Reality Check: Indiana job numbers don’t add up (WTHR)
Reality Check: Indiana job numbers don't add up
WTHR Special Report
When Mitch Daniels promised Hoosiers more jobs during a heated 2004 election, some voters were understandably skeptical.
After all, when's the last time you heard a candidate for public office – let alone the state's top office – say jobs were not a priority?
But as a newly-elected governor, Daniels quickly showed he meant business.
In February 2005 -- just one month into his administration – Gov. Daniels created the Indiana Economic Development Corporation to attract new business and more jobs to Indiana.
It got immediate results.
Honda, Nestle, WellPoint, and Toyota announced plans to bring the state new factories and thousands of new jobs, and many other companies followed.
IEDC began tallying all the job announcements, and the agency developed an impressive list.

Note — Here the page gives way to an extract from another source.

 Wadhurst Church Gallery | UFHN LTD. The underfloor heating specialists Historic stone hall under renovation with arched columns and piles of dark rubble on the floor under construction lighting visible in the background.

That list, published each year in IEDC's annual reports, is simply titled "Indiana Economic Successes." It includes the name of each company that committed new Indiana jobs through relocation or expansion, and it shows the specific number of jobs promised.

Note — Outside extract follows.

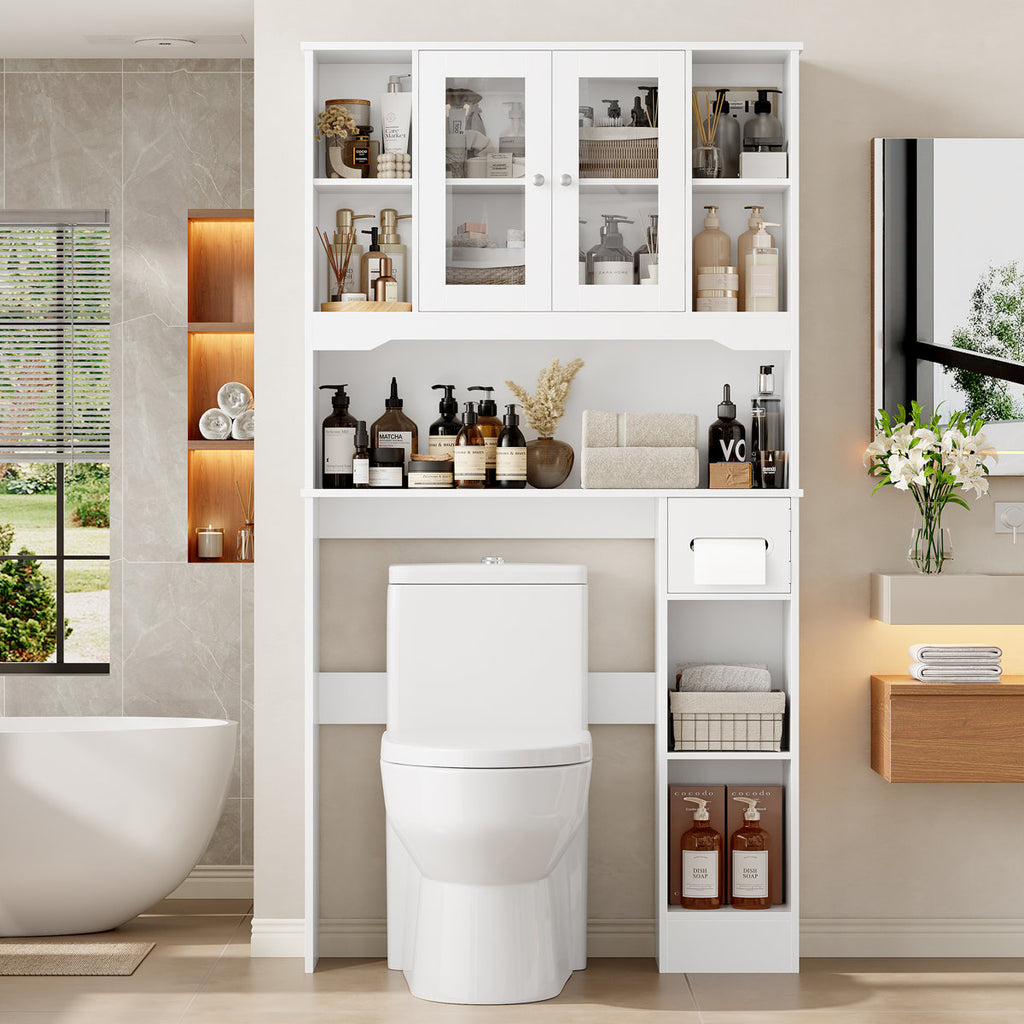 Solid and Manufactured Wood Over the Toilet Storage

Since its creation, IEDC boasts more than 100,000 new jobs on its success list, and when the agency and the governor talk about job numbers, the "Indiana Economic Successes" list is what they are talking about.
But 13 Investigates discovered many of the state's "economic successes" aren't really successes at all.
They are empty fields and deserted factories where the state claims there are supposed to be thousands of jobs.